5 μL of inactivated HCV (NATHCV-0005, ZeptoMetrix) was spiked into 45 μL whole blood for a final concentration of 6.77 × 103 IU mL−1. Spiked 50 μL whole blood samples were separated into plasma using the filter and gold-standard centrifugation. Resulting volumes of separated plasma were measured using a micropipette. HCV viral RNA was extracted from resulting plasma samples using a modified, optimized benchtop extraction protocol using the Invitrogen ChargeSwitch gDNA Mini Tissue Kit (ThermoFisher Scientific). RNA was quantified via RT-qPCR through generation of a standard curve using a range of concentrations of HCV quantitative synthetic RNA (VR-3233SD, ATCC). Virus recovery in separated plasma was back-calculated using the quantified concentration of eluted RNA with the assumption of 50% RNA extraction efficiency.

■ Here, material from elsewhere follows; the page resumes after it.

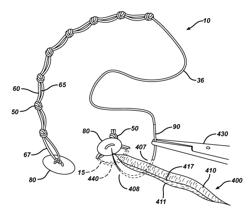 Knotless suture device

Evaluation of plasma separation across range of hematocrit levels and blood sample input volumes

To evaluate the filter at a range of blood volumes and various hematocrit levels, we prepared blood samples at artificial blood hematocrit levels (50%, 55%, and 60%) by centrifuging whole blood at 1500 × g for 10 minutes, removing the separated plasma to calculate the leftover volume of packed blood cells (while hematocrit refers to red blood cells percentage only, this is a close estimate, as the packed blood cells are >99% RBC).41,42 We then added plasma back at appropriate volumes to generate the correct total% RBC in each sample. Different volumes of the artificially-created hematocrit blood were added (25, 50, and 75 μL) to filters and filtrate was collected for analysis. Hemolysis and cell count of filtrate were tested as described above.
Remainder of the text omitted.